Reproduce exactly the lines from the top of the records below through the line holding "Cartoon Weihnachten 2024".

Collected data entries
■ ■ ■ ■
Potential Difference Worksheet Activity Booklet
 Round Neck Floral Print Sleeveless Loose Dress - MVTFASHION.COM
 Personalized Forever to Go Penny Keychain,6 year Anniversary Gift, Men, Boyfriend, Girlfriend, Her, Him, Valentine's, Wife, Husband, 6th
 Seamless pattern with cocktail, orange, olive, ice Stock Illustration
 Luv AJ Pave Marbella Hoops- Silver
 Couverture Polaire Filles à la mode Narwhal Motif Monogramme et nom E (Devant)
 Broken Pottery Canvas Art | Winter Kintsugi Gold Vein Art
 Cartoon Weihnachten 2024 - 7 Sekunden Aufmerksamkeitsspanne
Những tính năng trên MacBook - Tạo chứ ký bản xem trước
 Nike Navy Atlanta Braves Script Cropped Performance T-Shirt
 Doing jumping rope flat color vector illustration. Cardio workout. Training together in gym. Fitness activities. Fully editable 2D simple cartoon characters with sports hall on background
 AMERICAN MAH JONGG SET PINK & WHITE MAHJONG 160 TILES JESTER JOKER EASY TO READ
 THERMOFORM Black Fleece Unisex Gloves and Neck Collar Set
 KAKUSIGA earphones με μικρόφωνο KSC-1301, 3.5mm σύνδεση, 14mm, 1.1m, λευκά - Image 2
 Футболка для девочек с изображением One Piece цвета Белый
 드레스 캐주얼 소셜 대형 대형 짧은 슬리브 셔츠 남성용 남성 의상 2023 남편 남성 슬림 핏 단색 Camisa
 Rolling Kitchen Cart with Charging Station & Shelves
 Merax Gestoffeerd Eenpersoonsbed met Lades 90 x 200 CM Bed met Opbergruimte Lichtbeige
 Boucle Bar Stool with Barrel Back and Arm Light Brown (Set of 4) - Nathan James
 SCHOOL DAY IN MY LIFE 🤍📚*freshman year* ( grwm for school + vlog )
■ ■ ■ ■
## Exercise solution
Potential Difference Worksheet Activity Booklet
 Round Neck Floral Print Sleeveless Loose Dress - MVTFASHION.COM
 Personalized Forever to Go Penny Keychain,6 year Anniversary Gift, Men, Boyfriend, Girlfriend, Her, Him, Valentine's, Wife, Husband, 6th
 Seamless pattern with cocktail, orange, olive, ice Stock Illustration
 Luv AJ Pave Marbella Hoops- Silver
 Couverture Polaire Filles à la mode Narwhal Motif Monogramme et nom E (Devant)
 Broken Pottery Canvas Art | Winter Kintsugi Gold Vein Art
 Cartoon Weihnachten 2024 - 7 Sekunden Aufmerksamkeitsspanne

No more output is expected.